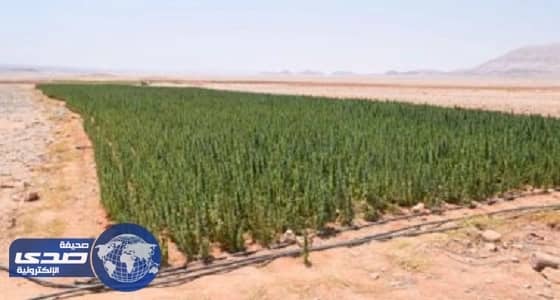 الأمن المصري يدمر 41 فدان مخدرات في حملة بالسويس وجنوب سيناء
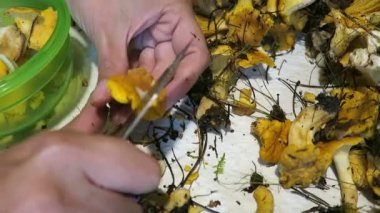 Altın chanterelles mantar temizleme eller. Mevsimlik gıda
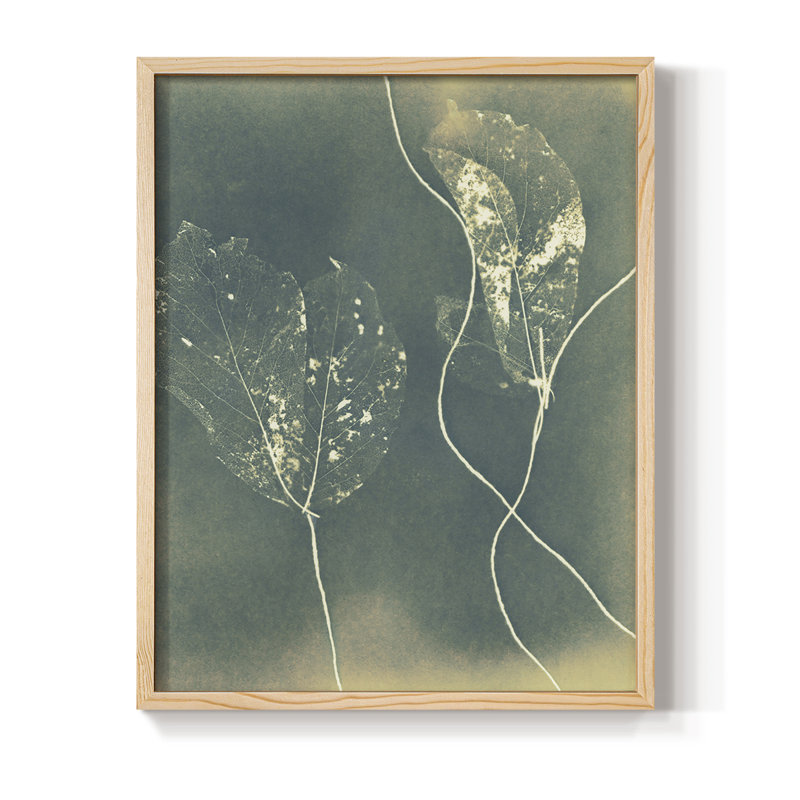 Ghost Leaves, reproduction encadrée - bois massif, Naturel, H 11 po x l 9 po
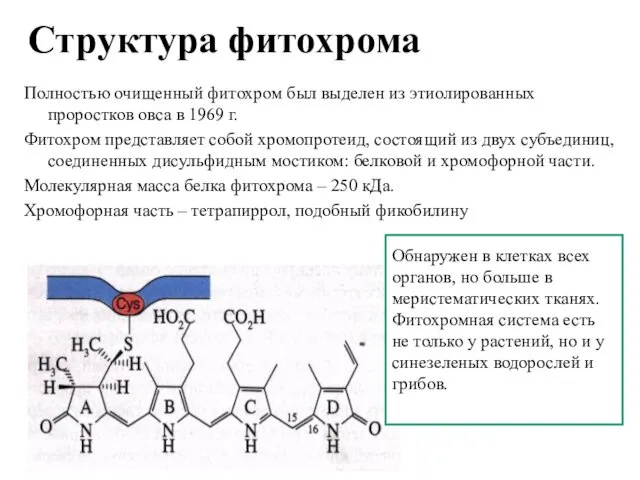 Структура фитохрома Полностью очищенный фитохром был выделен из этиолированных проростков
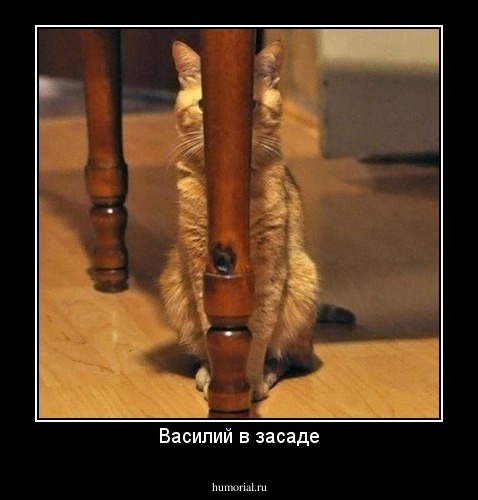 Василий в засаде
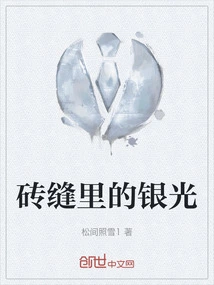 Silver Light in the Cracks of Bricks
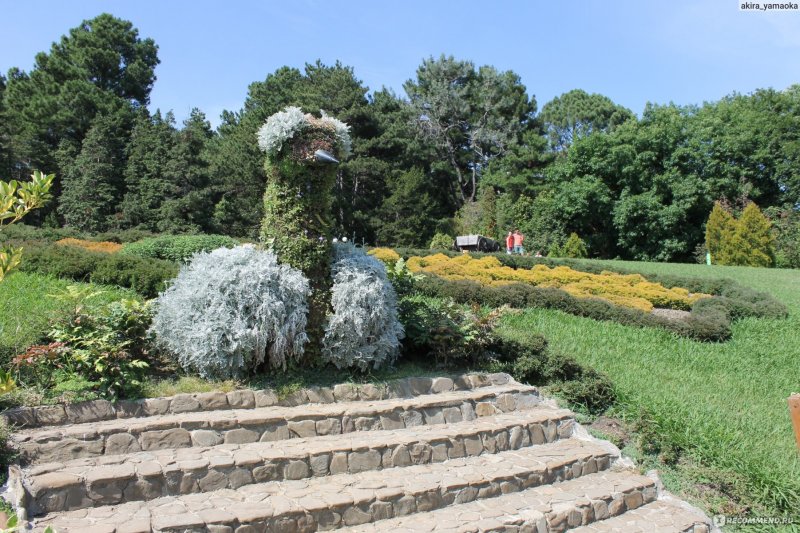Парк в Сочи с растениями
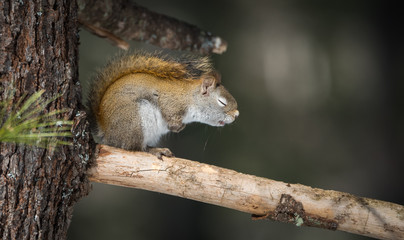 Sleepy springtime Red squirrel with eyes closed, resting on a pine tree branch in a woods.  - 105288762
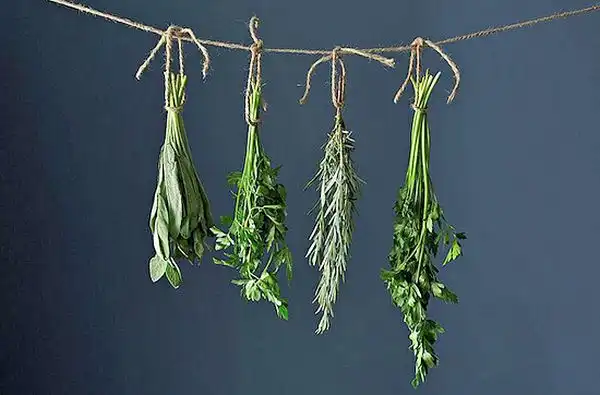 Herb drying process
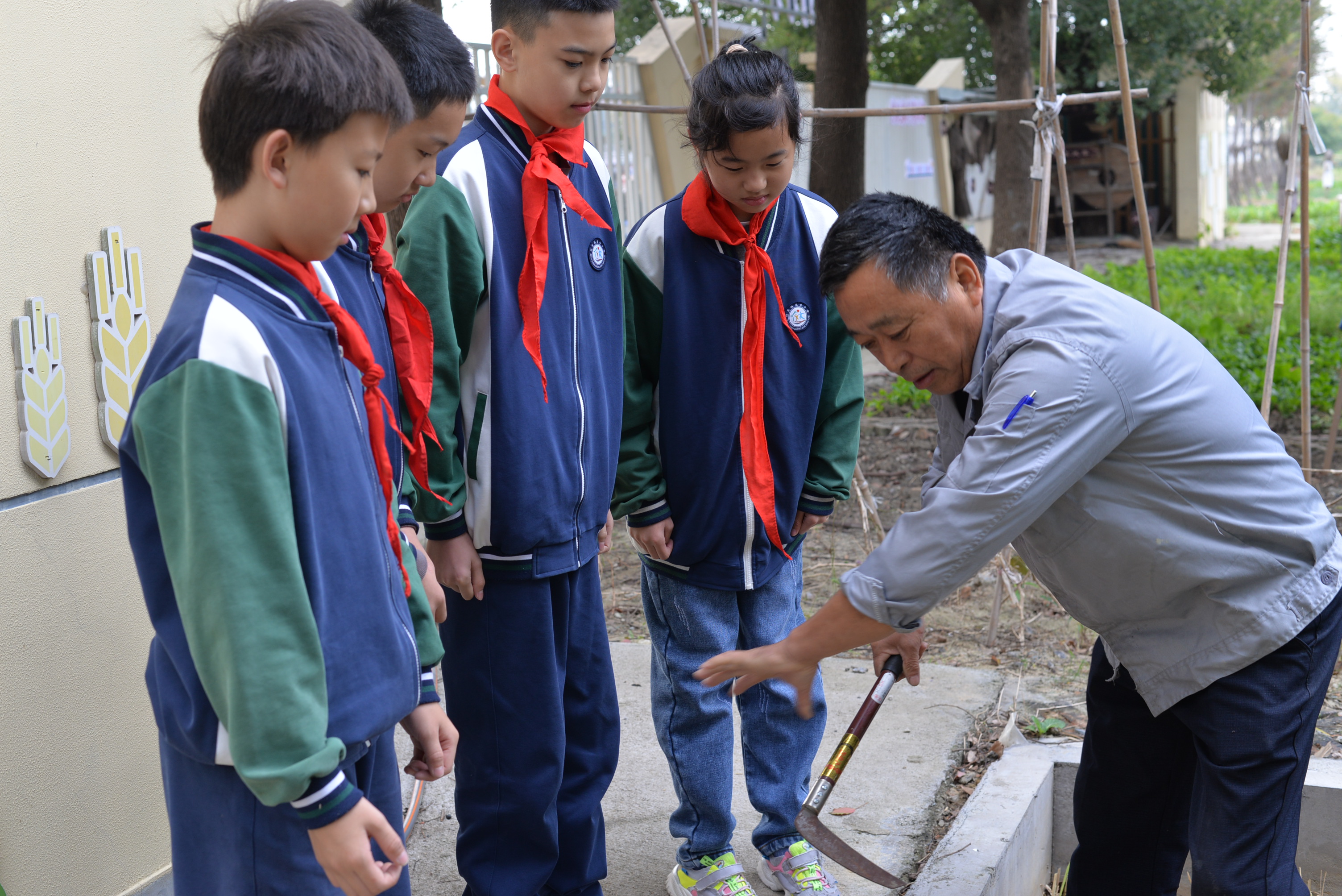 湖州市织里镇晟舍小学水稻丰收季生态劳动进行时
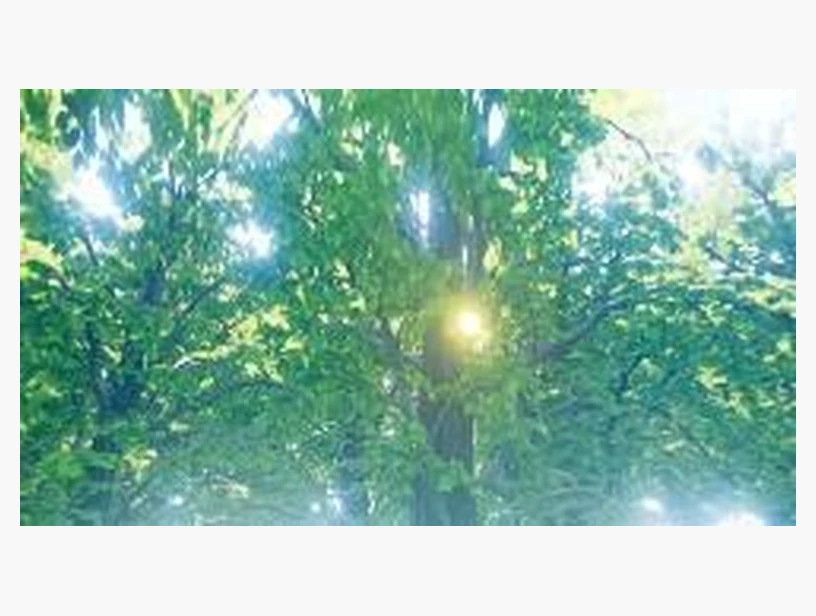 林中萤火虫｜产品参考图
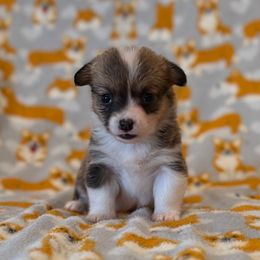Smile - Red female Pembroke Welsh Corgi puppy in Arcanum, Ohio from Weissway Corgis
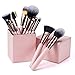 SIXPLUS 15Pcs Pink Makeup Brush Set with Makeup Holder (Pink)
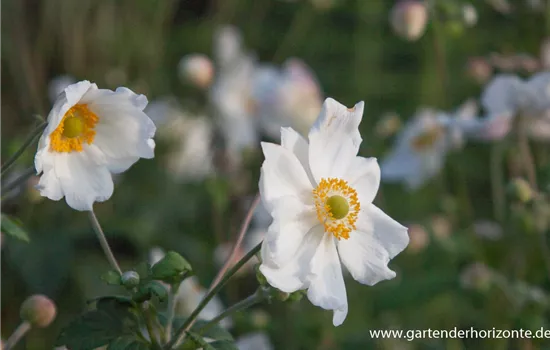 Garten-Herbst-Anemone 'Honorine Jobert' Garten-Herbst-Anemone 'Honorine Jobert'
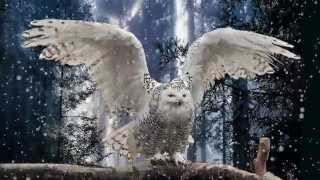 Snowflake the Snow Owl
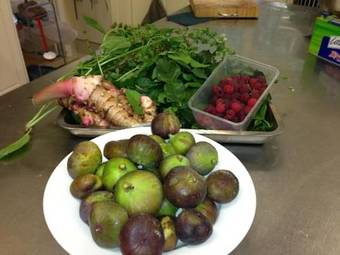 Villa Spring Creek Mountain Cafe & Cottages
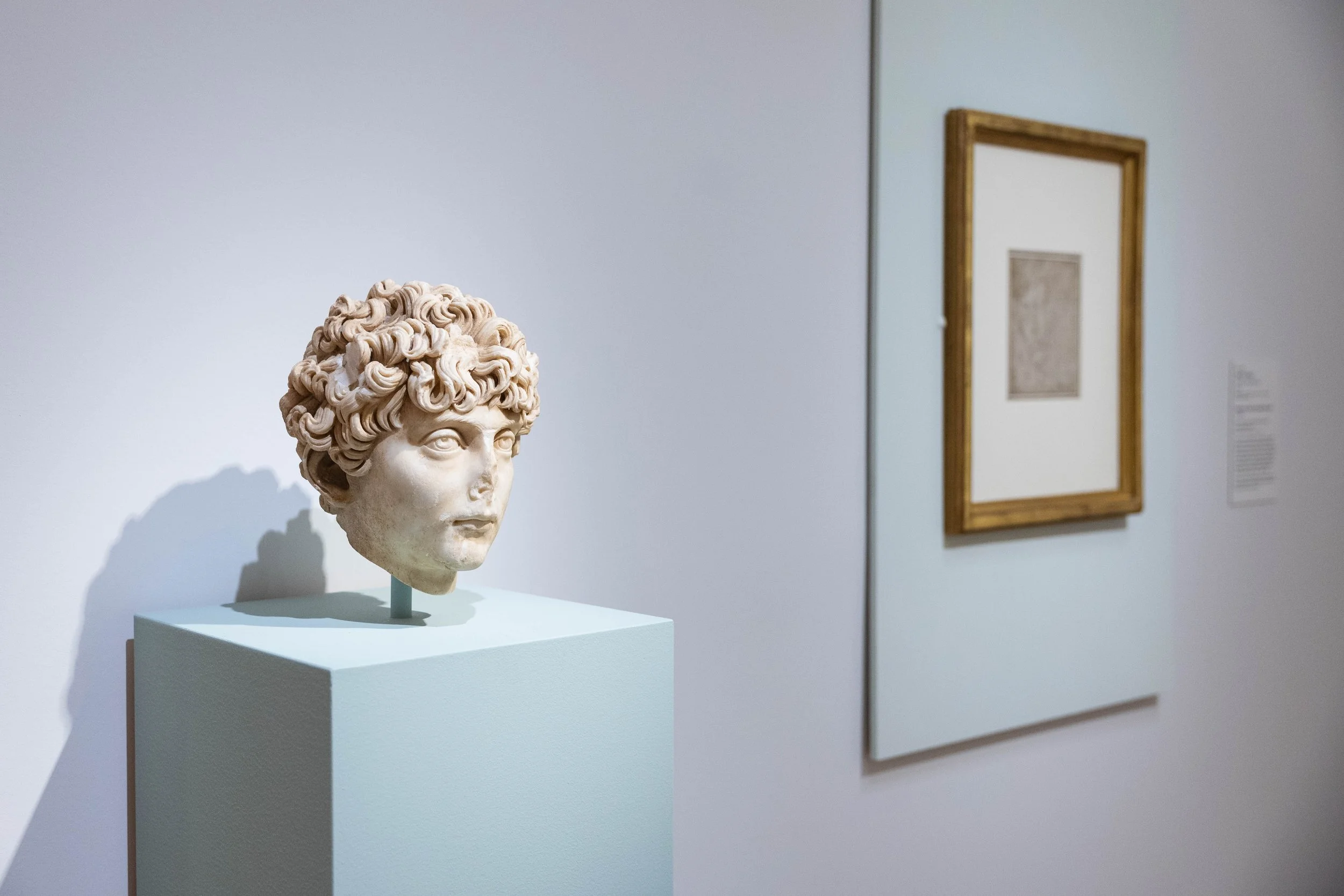 9060-botticelli-231117.jpg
· · · ·
Return the records exactly. Don't carry the pictures over.

Answer section>
 الأمن المصري يدمر 41 فدان مخدرات في حملة بالسويس وجنوب سيناء
 Altın chanterelles mantar temizleme eller. Mevsimlik gıda
 Ghost Leaves, reproduction encadrée - bois massif, Naturel, H 11 po x l 9 po
 Структура фитохрома Полностью очищенный фитохром был выделен из этиолированных проростков
 Василий в засаде
 Silver Light in the Cracks of Bricks
Парк в Сочи с растениями
 Sleepy springtime Red squirrel with eyes closed, resting on a pine tree branch in a woods.  - 105288762
 Herb drying process
 湖州市织里镇晟舍小学水稻丰收季生态劳动进行时
 林中萤火虫｜产品参考图
Smile - Red female Pembroke Welsh Corgi puppy in Arcanum, Ohio from Weissway Corgis
 SIXPLUS 15Pcs Pink Makeup Brush Set with Makeup Holder (Pink)
 Garten-Herbst-Anemone 'Honorine Jobert' Garten-Herbst-Anemone 'Honorine Jobert'
 Snowflake the Snow Owl
 Villa Spring Creek Mountain Cafe & Cottages
 9060-botticelli-231117.jpg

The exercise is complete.